(Study material begins)

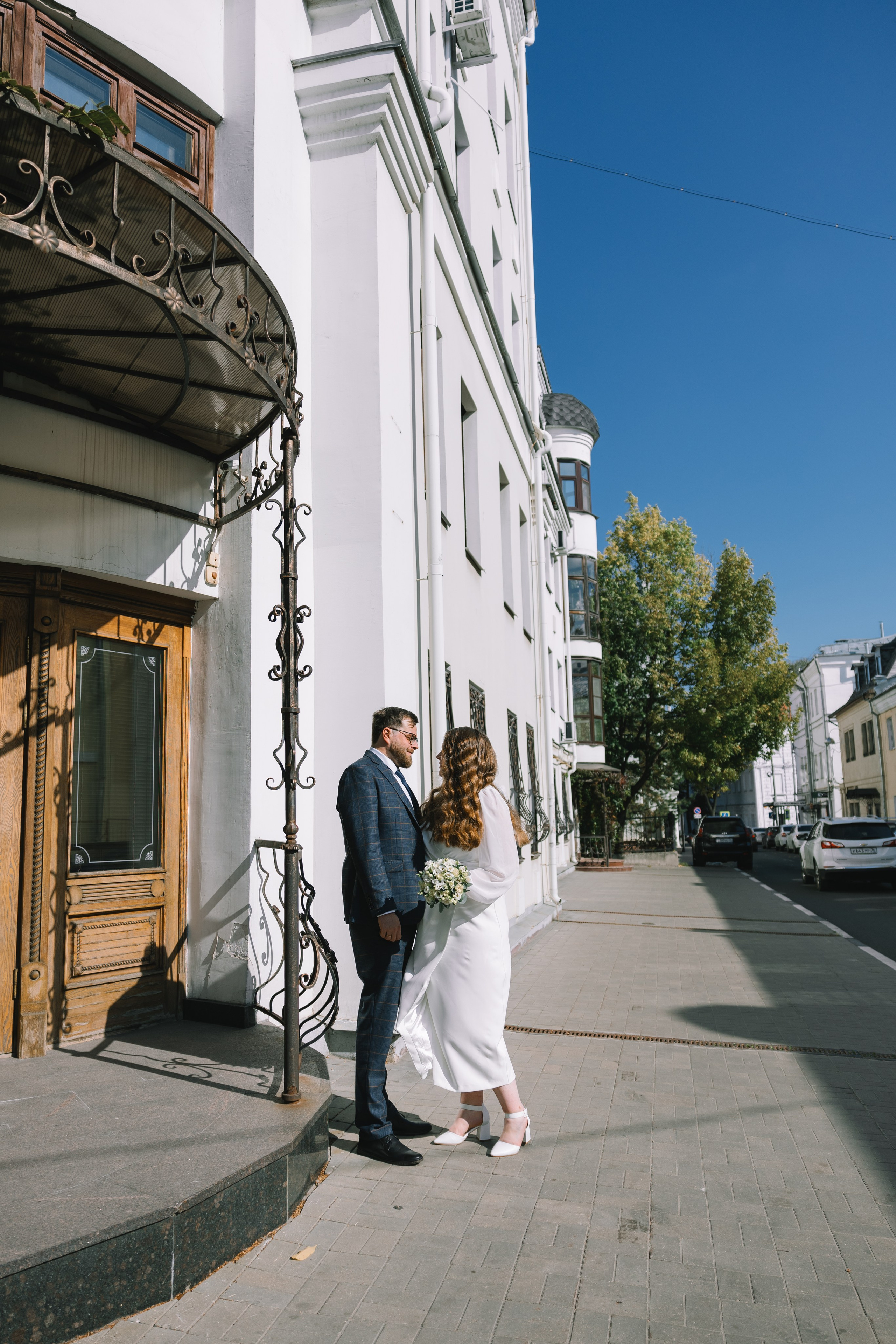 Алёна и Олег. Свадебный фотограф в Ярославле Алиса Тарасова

(Study material ends)
(Study material begins)

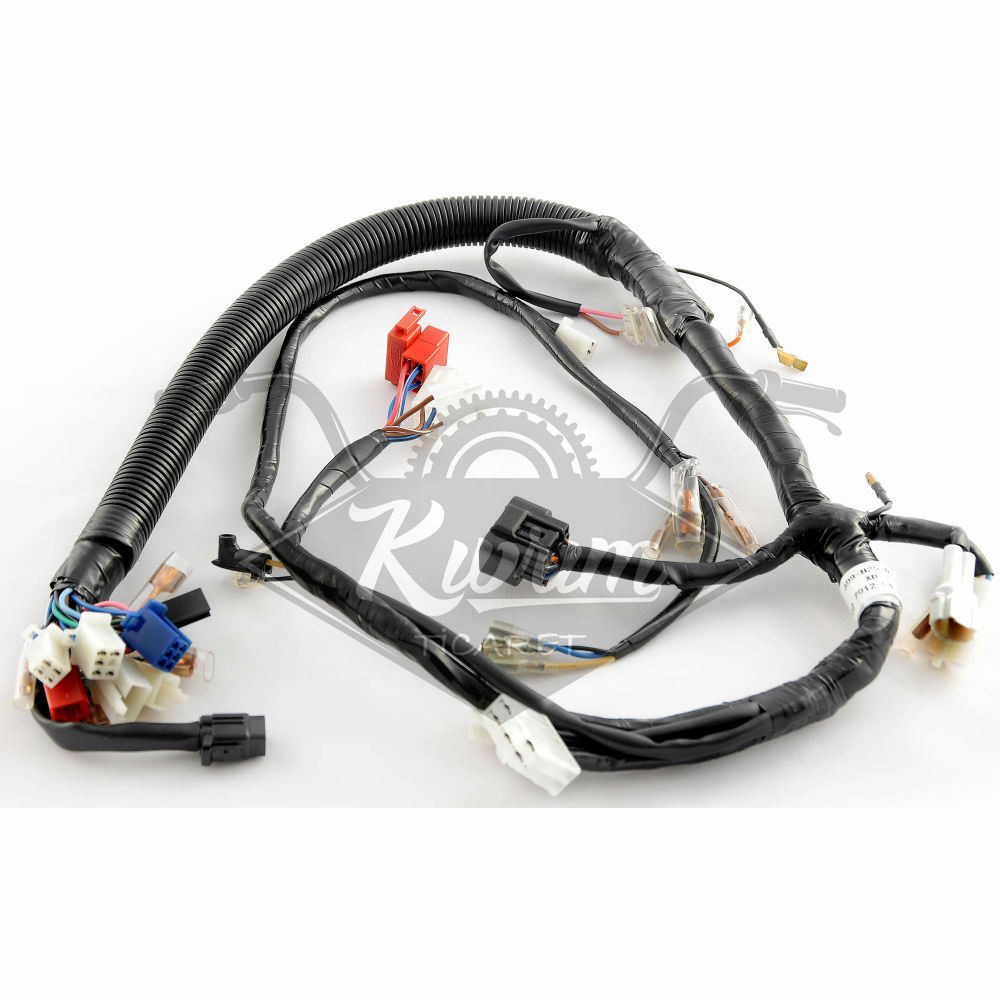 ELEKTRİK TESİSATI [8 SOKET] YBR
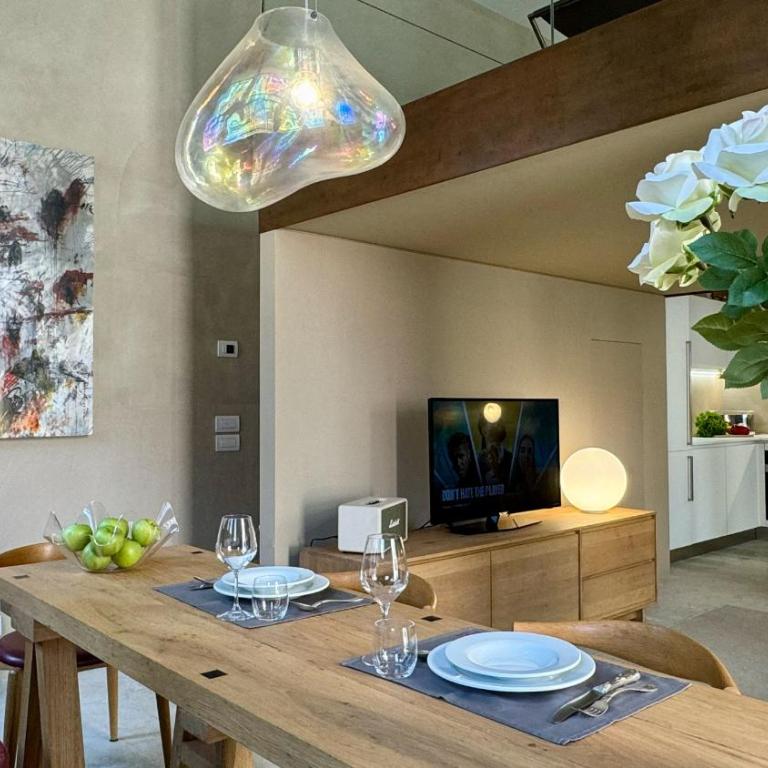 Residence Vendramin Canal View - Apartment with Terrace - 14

(Study material ends)

§ **Task to complete**
Quote the data above exactly from the line with "ELEKTRİK TESİSATI [8 SOKET] YBR" to the line with "Residence Vendramin Canal", both ends counted, and nothing else. Pictures don't go in.

§ **Exercise result**
 ELEKTRİK TESİSATI [8 SOKET] YBR
 Residence Vendramin Canal View - Apartment with Terrace - 14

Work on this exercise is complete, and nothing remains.